Step 4: Add Redis 8.0 Server-Side Caching
We set up a Redis 8.0 cluster using ioredis as our client. We cached frequent API responses with a 10-minute TTL, and implemented cache invalidation when data was updated via Server Actions:
// Cache middleware
async function cacheMiddleware(req, res, next) {
const cacheKey = `api:${req.url}`;
const cached = await redis.json.get(cacheKey);
if (cached) return res.json(cached);
res.sendResponse = res.json;
res.json = async (data) => {
await redis.json.set(cacheKey, '$', data, { EX: 600 }); // 10 minute TTL
res.sendResponse(data);
};
next();
}
Performance Results
We ran benchmarks over 2 weeks post-implementation, comparing against 4 weeks of pre-optimization data:
- Average API call time: 800ms → 480ms (40% reduction)
- 95th percentile API call time: 1.2s → 700ms (41% reduction)
- Total page load time: 1.8s → 1.3s (28% reduction)
- TTFB (Time to First Byte): 450ms → 290ms (35% reduction)

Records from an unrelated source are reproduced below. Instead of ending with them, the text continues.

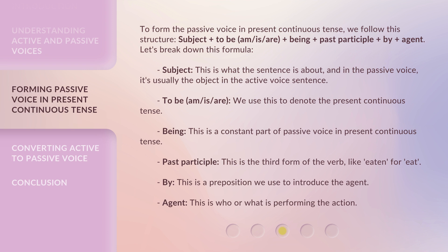Let's break down this formula. Subject: this is what the sentence is about, and in the passive voice, it's usually the object in the active voice sentence. To be (am, is, are): we use this to denote the present continuous tense. Being: this is a constant part of passive voice in present continuous tense. Past participle: this is the third form of the verb, like 'eaten' for 'eat.' By: this is a preposition we use to introduce the agent. Agent: this is who or what is performing the action.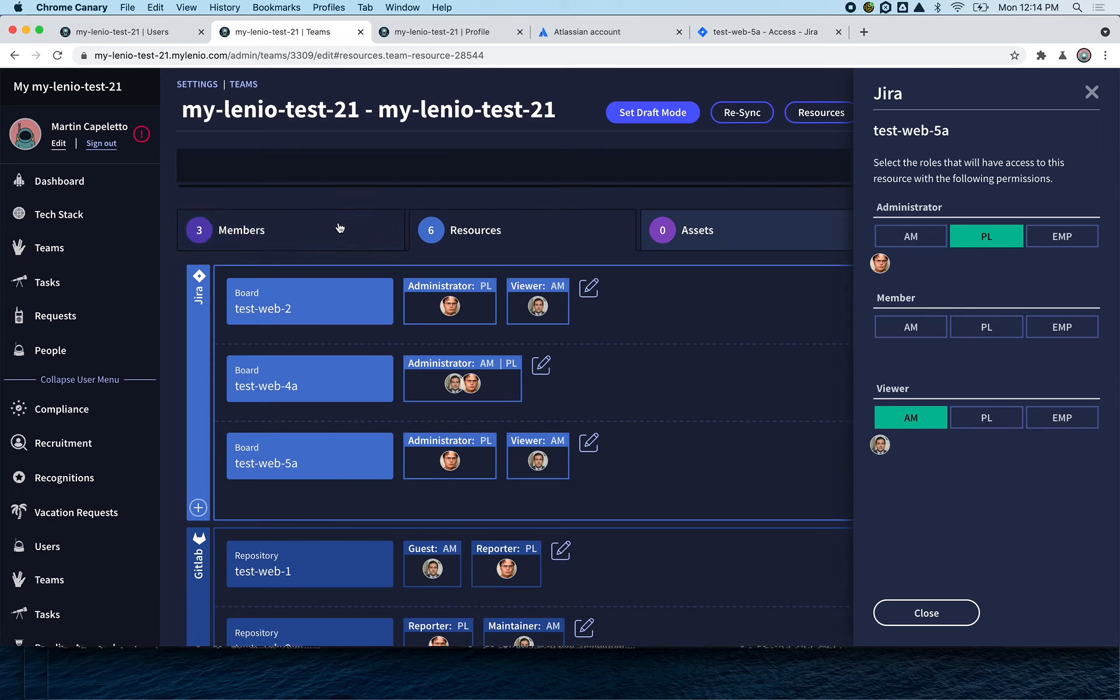Every time someone joins your teams, they're going to get assigned all these permissions automatically. Thank you so much.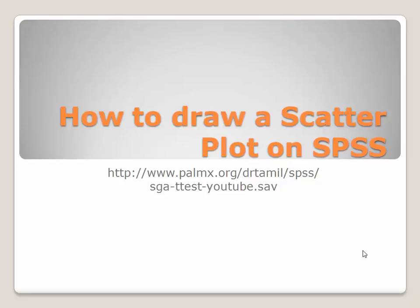Hello again, now I'm going to show you how to draw a scatter plot on SPSS. Please download the data for this exercise from the link as shown on the video.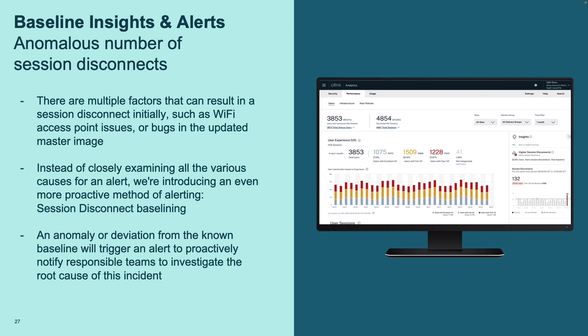These alerts allow you to send out emails, and using webhooks, also notify teams via Slack or Microsoft Teams, for example.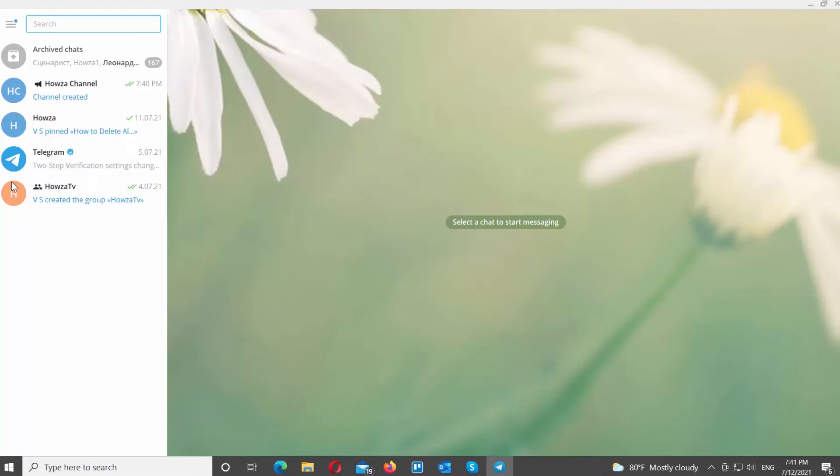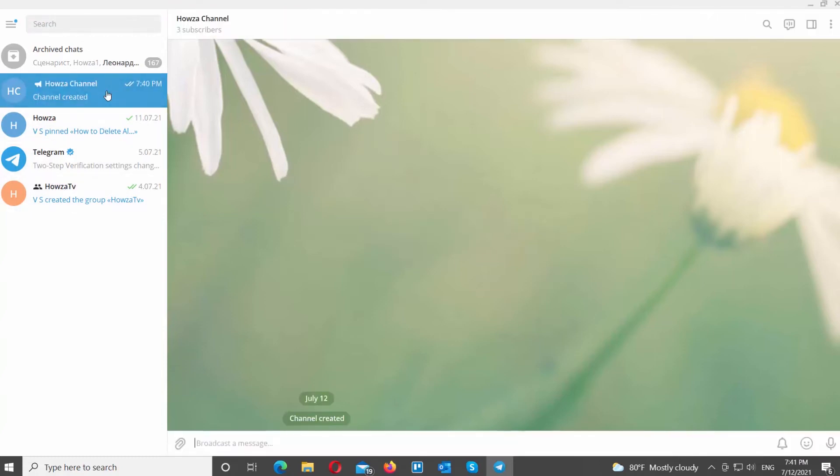Open Telegram desktop app. Go to the channel that you need. Click on the three dots at the top right corner of the window. Choose Manage Channel from the list.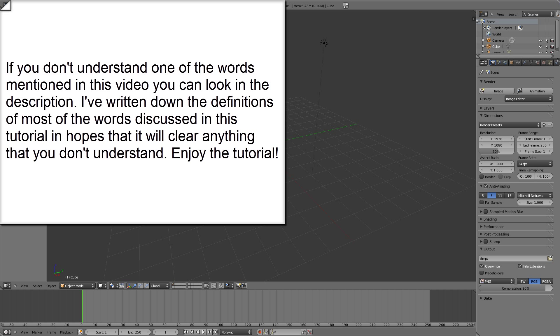Hello everyone, this is Alex Cordobard. In this tutorial we're going to be learning the different ways of lighting our scene and also how to render our images. Alright, let's get started.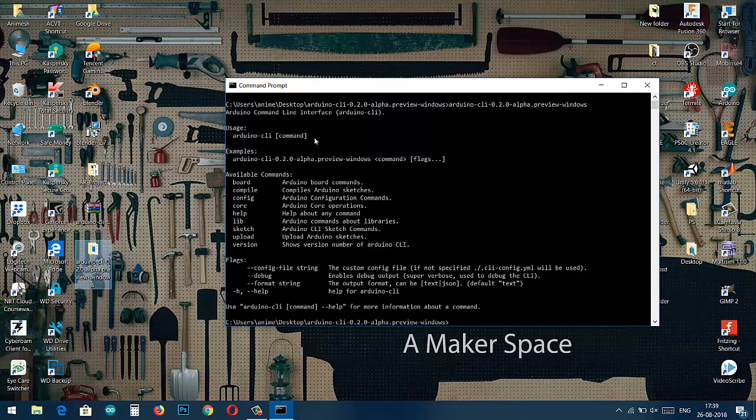Let's start it. In this command prompt as you can see we have to remember this prefix which is Arduino-cli-0.2.0-alpha.preview-windows. Then we have to give a space and then write our command.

- Redundant API calls: Reduced by 30%
- Redis cache hit rate: 82% for top 10 endpoints
Lessons Learned
Our optimization effort taught us several key lessons:
- Don't over-cache: Set appropriate stale times to avoid serving stale data indefinitely
- Always invalidate cache on mutations: Use React Query's invalidateQueries and Next.js revalidate tags
- Use Server Components for static data: Avoid client-side waterfalls for data that doesn't change often
- Monitor cache hit rates: We used Redis's built-in metrics and React Query DevTools to tune cache settings
Conclusion
Combining React Query 5.0 for client-side caching, Next.js 15 for server-side rendering and Server Actions, and Redis 8.0 for server-side caching gave us a 40% reduction in API call time with minimal code changes. This stack is now our default for all new Next.js projects, and we've seen similar results across 3 other production apps. If you're struggling with API performance, we highly recommend auditing your current workflow and adopting this stack incrementally.